At 14:50 16/01/01 +0200, Peter Pentchev wrote:
>As somebody already pointed out, there *is* a dirname(3) function, and even
>a dirname(1) cmdline utility to invoke it.
oops. I'll need to stay current:)
>In a followup to Alfred's mkdir(1) commit, I sent a sample implementation
>of a direxname() function, which calls dirname(3) in a loop, and returns
>the longest existing path component. I'll get back to him shortly
>with a patch to mkdir(1) using direxname() to report a meaningful error
>message, something like "Cannot create /exists/nonex/foo/bar, nonexistent
>path components after /exists". In the meantime, attached is my first
>shot at direxname() implementation, using dirname(3)'s static buffer.

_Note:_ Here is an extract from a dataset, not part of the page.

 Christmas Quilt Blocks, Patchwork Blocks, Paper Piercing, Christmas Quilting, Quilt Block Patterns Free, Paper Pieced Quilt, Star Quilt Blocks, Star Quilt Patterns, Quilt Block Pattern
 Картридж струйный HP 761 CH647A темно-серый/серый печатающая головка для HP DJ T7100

I'm not convinced you really need to check which is the "largest" parent that
exists.
if /a doesn't exist, and I do a mkdir /a/b/c/d, just a "/a/b/c does not
exist" is
far sufficient.
For me, if you ignore permissions and the like, the condition
to create a directory is that its parent exists, whatever are his
grand-parents.
after the error is shown, one will anyway check which dirs exist.
doing the stat() on all those just consumes time, with few benefits.
on an NFS mounted fs, this would be just annoyiing sometimes.
now if you really insist, I'd suggest doing the stat the other way: check
the root,
then its children, then the children of the latter... like in mkdir -p.
at last, note that there might be race conditions while you stat(). but
there is hardly
a way to avoid'em. at least, a single stat() reduces the window of opportunity.